Dave Bartlett tell us why many ivy league business students are coming out; Plus: The White Party at Voyeur

Photo by Think Stock

There’s a lot happening at UPenn these days, especially if you’re LGB or T. Not only does the school have an LGBT Center that got started in the early 80s, but the Wharton School also has a longtime LGBT group called Out4Biz that’s changing the way students deal with sexuality in the global workplace today. In addition to counting future entrepreneurs, faculty and staff in its ranks, the social club also welcomes as many as 80 or more straight allies among its membership.

From its home in University City, Out4Biz also connects future LGBT business leaders with companies across the world. G Philly wanted to find out more about the group and what it’s like coming out at work and on a resume, so we sat down with Dave Bartlett, Out4Biz president, who told us a little about the way industry is changing for LGBT and straight graduates alike.

“We’ve been in existence for 20 or 30 years,” says Bartlett, a graduate student at Wharton. “We are a resource for students and alumni.” He also says the fact that they’ve been working with dozens of straight allies signals a changing attitude in much of the business world.

UPenn's LGBT Center is the home base for gay issues on campus (courtesy of UPenn)

“Nowadays there are companies interested in a more diverse workforce,” Bartlett admits. “They’re banging on our door.”

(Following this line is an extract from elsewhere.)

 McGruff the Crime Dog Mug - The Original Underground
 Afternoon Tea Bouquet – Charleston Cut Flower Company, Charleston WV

This year, Accenture, Citigroup, Deloitte, Goldman Sachs and Morgan Stanley all hosted recruiting events with Out4Biz at Wharton. And as more major companies foster their own LGBT groups (like PECO and Wells Fargo here in Philly), Bartlett says they’re also considering potential hires that fulfill a code of diversity. While banks and consulting firms have not historically been the most diverse places to work, he says, this is changing – even if much still depends on industry and geography.

“Wharton is 40 percent international,” says Bartlett. “We have members who have never really been out and they come here and are coming out of the closet for the first time.” This is especially true for students from Asian and Middle Eastern countries where, in a few cases, being gay is illegal. “We have been an emotional resource,” says Bartlett. “It’s useful to get a sense of what it’s like in other peoples’ shoes.”

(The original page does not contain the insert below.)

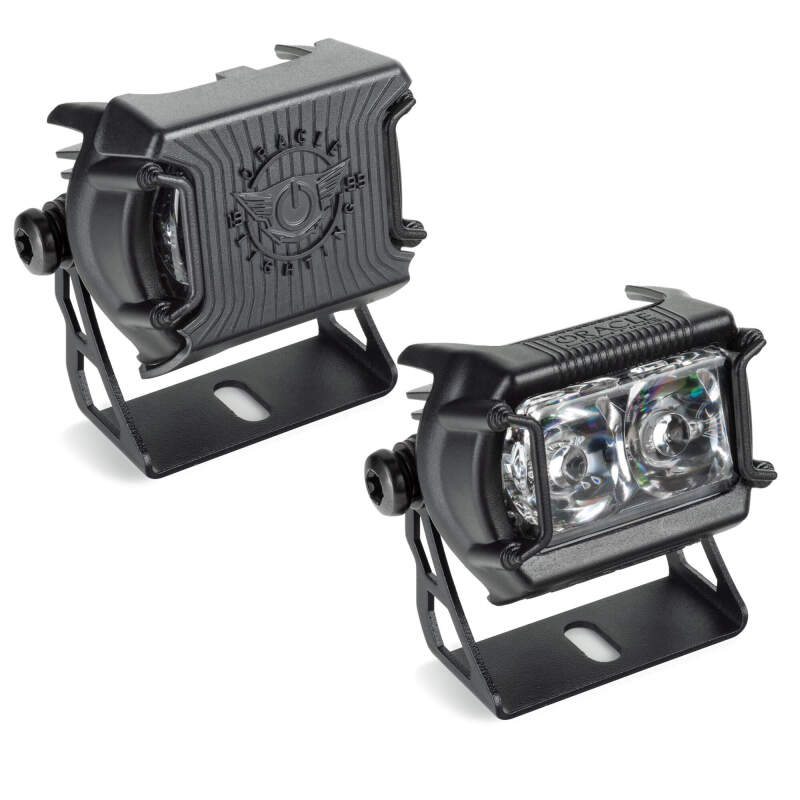 ORACLE Lighting Vega Series 2 LED Light Pod Spotlights - Image 3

These days, the group counts as many as 200 members. And since there are fees associated with joining the organization, Bartlett says members – especially companies and straight allies – take it very seriously.

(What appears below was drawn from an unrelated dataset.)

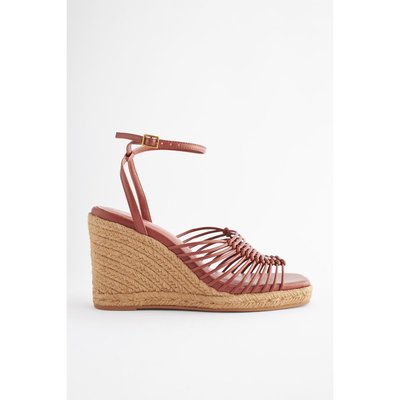 Espadrilles compensées la redoute shop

He also admits that there are many alumni who may be out now, but may not have been quite so open when they attended the school years ago. “When we have events during alumni weekend,” he says, “people come out of the woodwork.” The group has been working with many of these folks to build a network for LGBT graduates today.

In fact, coming out has been and continues to be a major issue. “It can be the number-one decision,” says Bartlett, “whether you want to be out on your resume and whether you’re out in your internship.” And he says that depends a lot on the culture of a company and where you’re located. “When people live in Asia all their lives, they may feel they can be more open in New York City, but might have better job prospects in China,” says Bartlett. “We really try to support each other. And that’s why our straight allies are so important. Although they may not be gay themselves, they offer a broader reach.”

There are also students who come to Wharton from environments that may be much less accepting of LGBT people in general – whether this has to do with a culture or institution like the military (though he admits this, too, is evolving). In an increasingly global economy and business world, it’s less likely to remain sheltered within one geography, says Bartlett. “I could easily go and have my consulting job in San Francisco,” he says. “But even if you work in the U.S., you may have to travel to some place like Singapore. And there, people are faced with different cultures.”

He says in the United Arab Emirates, for instance, you can be killed for being gay. “You have to work across all those cultures,” he explains, “and being gay, you might wonder how do you navigate?”

Out4Biz spends a lot of time answering these new questions, and in the Gayborhood throughout the year – working on annual events in the community – like the AIDS Walk next month. Bartlett says the group is also currently raising money for a new LGBT scholarship for graduate school students at Wharton. “We’re lining up corporate sponsors and alumni,” he says. “Most importantly, it’s a good signal to have an international business school offering a scholarship of this kind to show acceptance and support.” He says no other ivy league school offers such a scholarship. Wharton will likely be the first.

Out4Biz White Party, Sept. 15, 10 p.m., Voyeur, 1221 St. James St.